The leading edge of the altimeter pulse reflected from the sea surface, built in accordance with the PDF approximation of the sea surface elevations in the form (9)

Note that with some combinations of values \(\lambda_3\) and \(\lambda_4\), a non-physical effect is observed. It manifests itself as the occurrence of a negative intensity of the reflected signal. It can be assumed that negative values of the PDF approximation \(P_{GC}^{\left( 1 \right)} \left( {\tilde{\eta }} \right)\) also distort the shape of the pulse in the vicinity of its maximum.

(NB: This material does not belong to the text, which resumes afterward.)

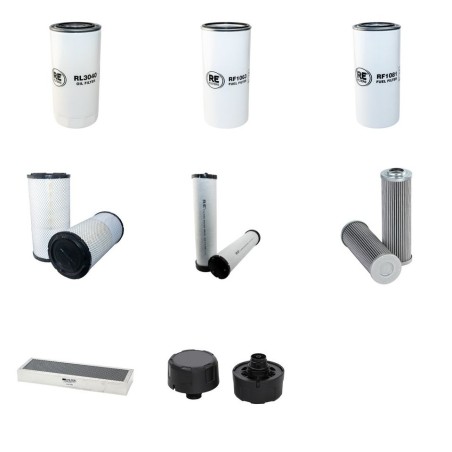 HAMM HD 90 VOS Filter Service Kit w/Deutz TCD2012L042V Eng.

The main factors that determine the accuracy of the representation of the shape of the reflected radio pulse is the correct approximation of the PDF of the sea surface elevations. The use of PDF in the form (10) or (11) in the problems of radio altimetric measurements can lead to the appearance of negative values in the models describing the shape of the reflected radio pulse. Negative values \(V(t)\) are small in comparison with the amplitude of the reflected pulse, but their appearance indicates the need to construct an PDF approximation that allows to correctly describe the distribution of sea surface elevations.

6 Conclusion

Sea disturbance is a random quasi-Gaussian process. Uncertainty of the state of the sea surface is the main source of error in determining the mean surface level from the data of measurements with a radio altimeter installed on the spacecraft. The mean level is calculated from the transit time of a radio pulse from the spacecraft to the sea surface and back. This parameter depends on the PDF elevation of the surface, which is not known a priori.

Currently, the main PDF model of the sea surface in problems of interaction of radio waves with the sea surface is a model based on the truncated Gram-Charlier series. This model allows us to describe the distribution of elevations only in a limited range, beyond which strong distortions occur, up to the appearance of negative values. The limitation of the number of members of the Gram-Charlier series is caused by the fact that in field experiments it is possible to determine the cumulants of elevations no older than the fourth order. Cumulants of the fifth and higher orders are assumed to be equal to zero. Distortion at the tails of the elevation distribution when calculating the reflected pulse of the altimeter leads to distortion of its shape, as a result, an error occurs in determining the level of the sea surface. Currently, two approximations in the form (10) and (11) are used to simulate the reflected pulse of the altimeter using Gram–Charlier series. Numerical modeling has shown that both approximations lead to similar results. Both approximations have the same disadvantages.

As an alternative to approximations (10) and (11), it is proposed to use the PDF of sea surface elevations in the form of a Gaussian mixture. To calculate the parameters of the Gaussian mixture, as well as for the truncated Gram-Charlier series, the first four cumulants of the surface elevations are used. Unlike the truncated Gram-Charlier series, the Gaussian mixture does not have negative values.